Welas asih seharusnya tidak hanya dimiliki oleh guru yang mendapatkan predikat “sangat baik”. Hal ini perlu mulai dilihat sebagai tuntutan untuk memenuhi pengajaran yang efektif. Namun, sayangnya, di sini belum menjadi persyaratan. Tidak ada referensi tentang kebaikan, kasih sayang, atau empati yang diterapkan dalam standar profesional Australia mana pun.

Negara telah menuntut banyak dari guru dalam 37 Australian Professional Standards for Teaching (AITSL, 2020). Namun sebenarnya, masih banyak lagi yang bisa kita tambahkan, dan saya menegaskan bahwa welas asih adalah salah satu yang pantas menjadi prasyarat seorang guru. Australian Professional Standards for Teaching telah menyatakan persyaratan bagi guru untuk menunjukkan kemampuan mereka untuk menciptakan lingkungan yang aman, mendukung, dan inklusif. Namun, welas asih profesional sejatinya lebih dari hal-hal tersebut. Nyatanya, hal ini berbeda dengan apa yang telah dituntut oleh negara.

Kita hidup di zaman yang luar biasa; dengan adanya kekerasan, intoleransi, penindasan sistematis, dan prasangka. Tidak ada waktu yang lebih baik untuk menyerukan profesi kita agar merangkul nilai-nilai kemanusiaan dan mengekspresikannya melalui welas asih dalam profesi kita. Hal ini penting dan harus menjadi persyaratan – sebuah standar profesional.

Referensi

AITSL. (2021). Professional Standards for Teaching. Australian Institute for Teaching and School Leadership. https://www.aitsl.edu.au/teach/standards

Broidy, S. (2019). A case for kindness: A new look at the teaching ethic. Stylus Publishing.

Rowland, S. (2009). Kindness. London Review of Education, 7(3), 207-210.

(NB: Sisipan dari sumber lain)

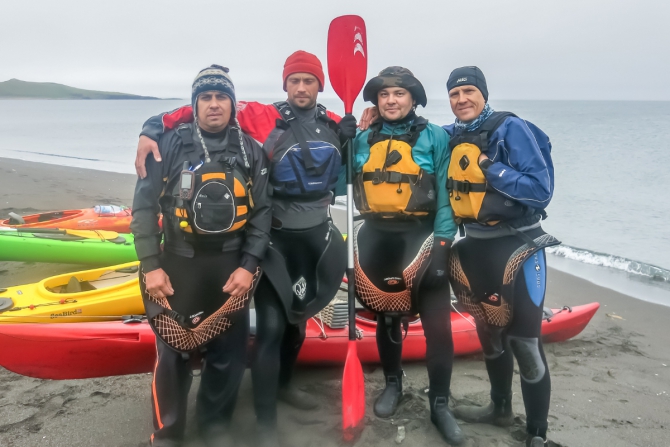 Северные Курильские острова и самые труднодоступные вулканы. (Вода)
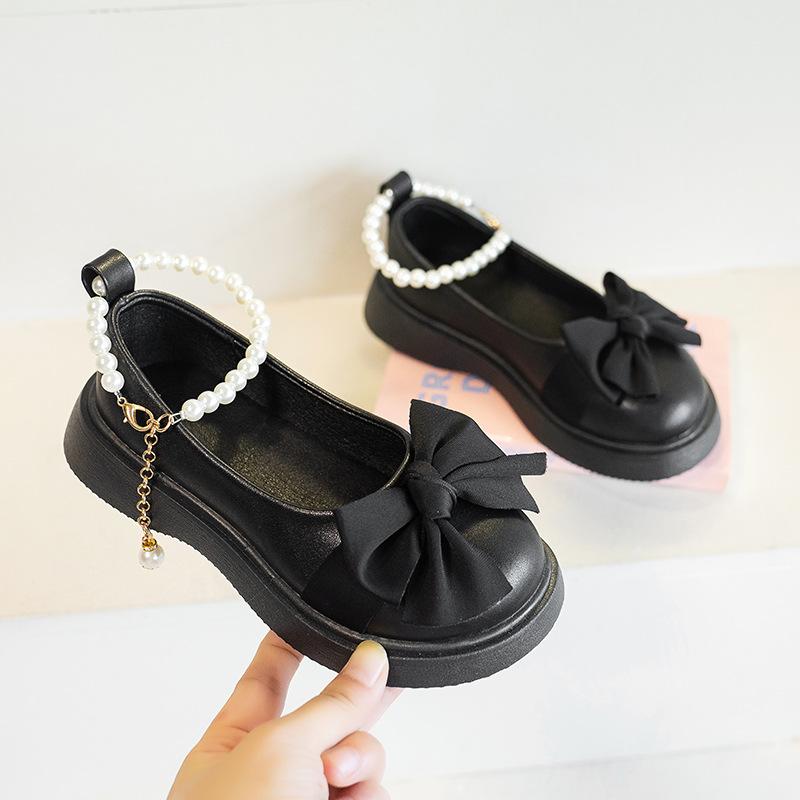 Girls leather shoes spring new single shoes medium and old children s bow pearl princess shoes non-slip performance shoes children the inner length of size 37 is about 22.6cm
Girls leather shoes spring new single shoes medium and old children s bow pearl princess shoes non-slip performance shoes children the inner length of size 37 is about 22.6cm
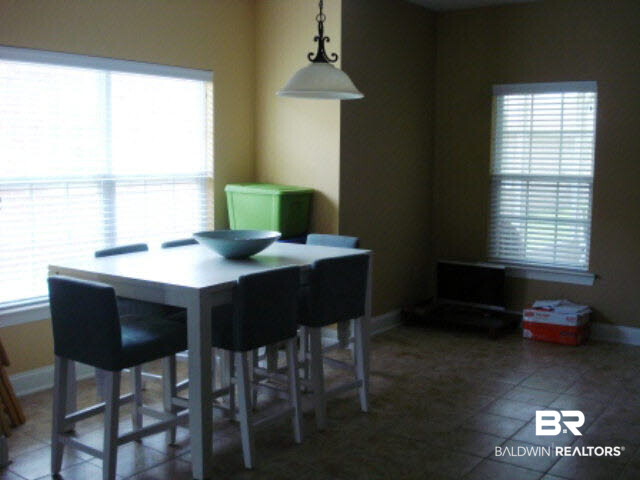 7905 Park Pl Drive Mobile, AL 36608 - Photo 3 of 10 breakfast area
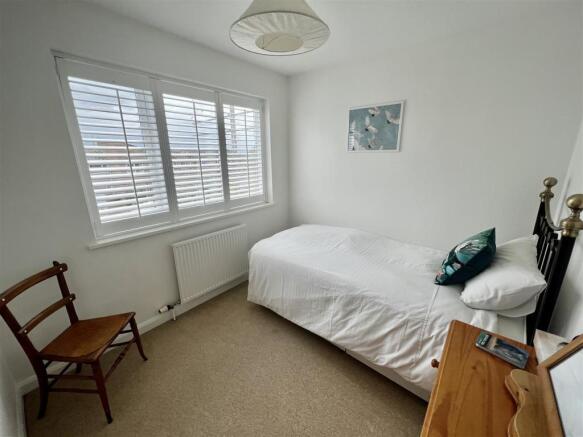 BEDROOM 2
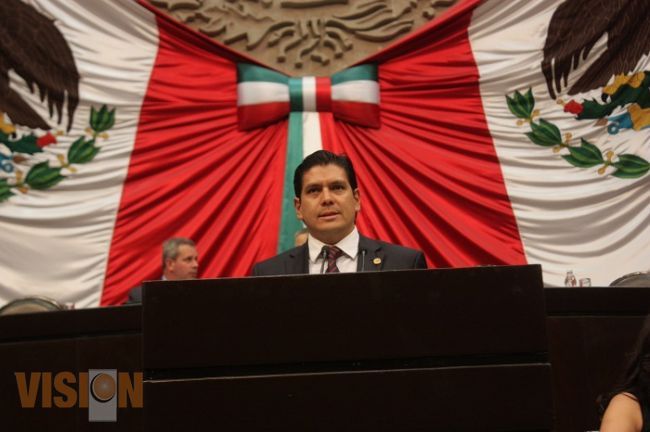 Escribamos juntos, pero juntos la historia de Michoacán: Ernesto Núñez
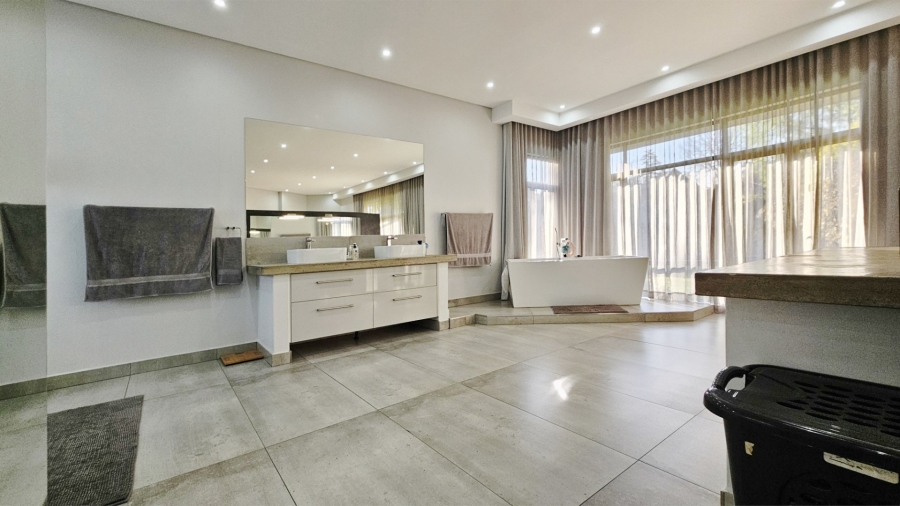 5 Bedroom Property for Sale in Three Rivers Gauteng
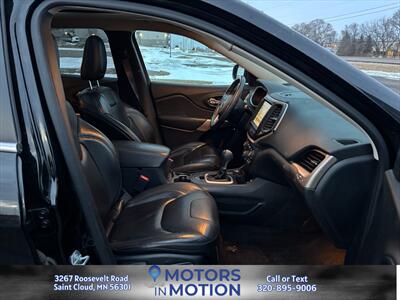 2017 Jeep Cherokee Limited 4WD w/Sunroof   - Photo 18 - Saint Cloud, MN 56301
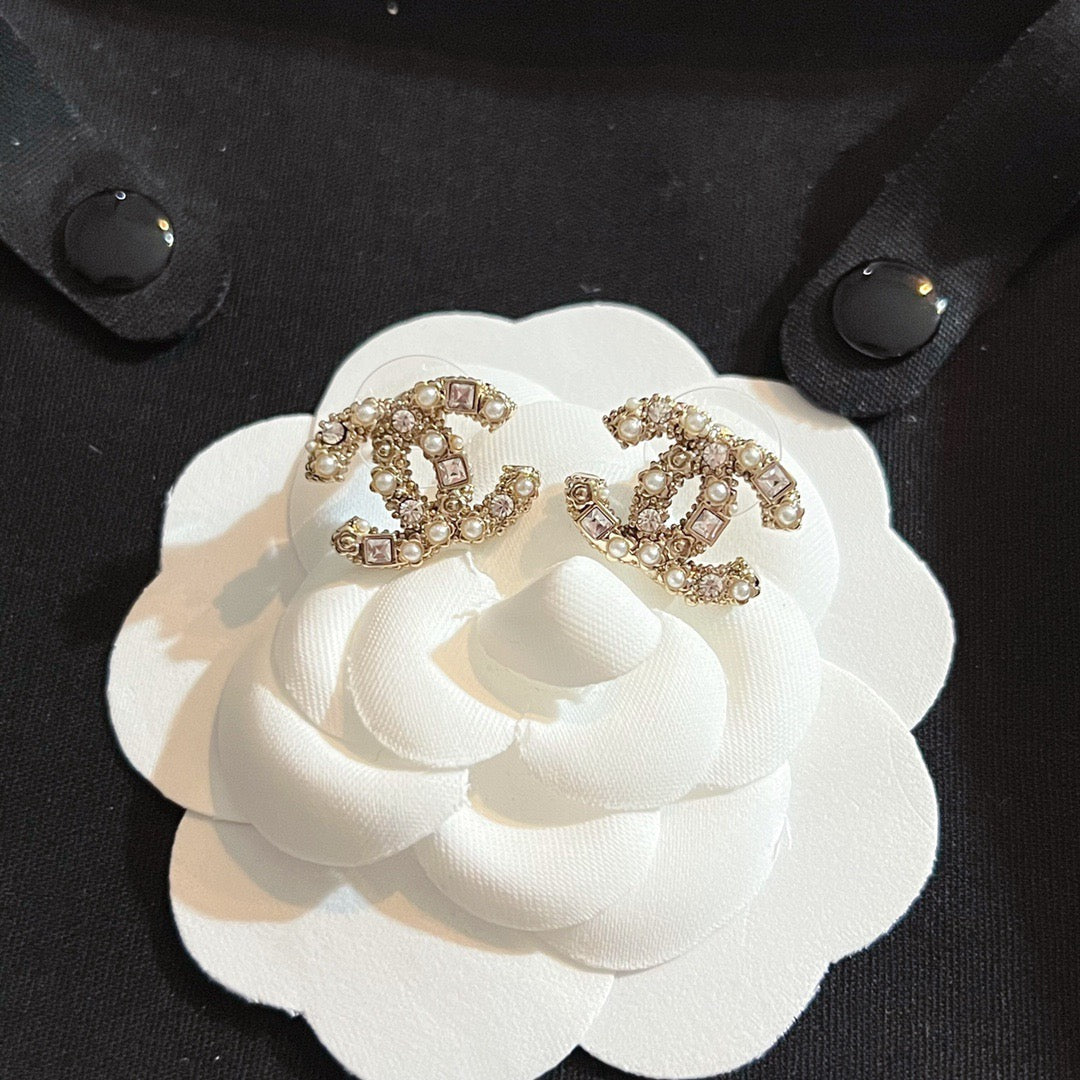 Cc mini crystal Earrings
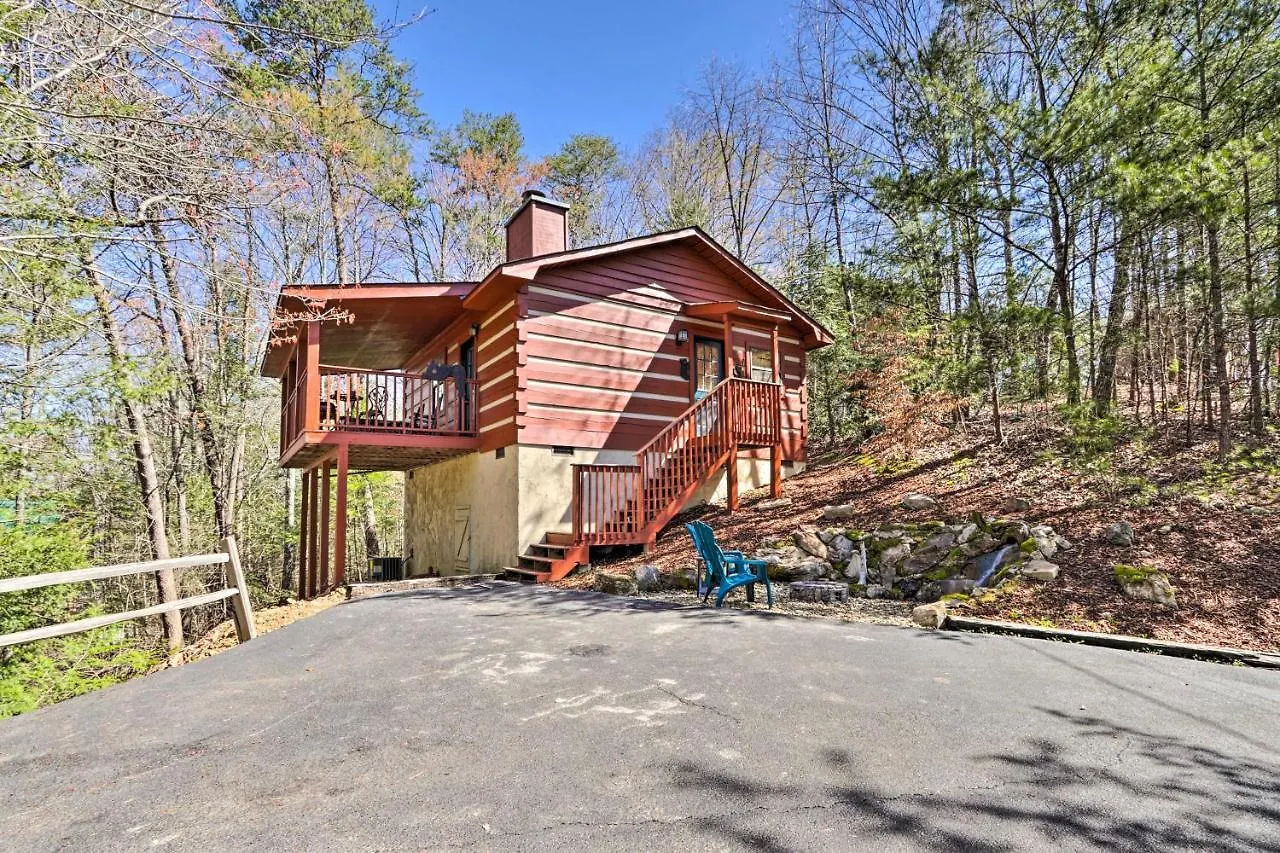 Cabin With Waterfall And Hot Tub, 1 Mi To Parkway! *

Tinjau artikel dan buat daftar aspek welas asih profesional yang disorot oleh Profesor Nan Bahr. Pikirkan tentang interaksi yang baru-baru ini Anda lakukan dengan murid Anda: Apakah ada aspek welas asih profesional yang Anda yakini sebagai kekuatan Anda? Apakah ada area yang perlu Anda tingkatkan?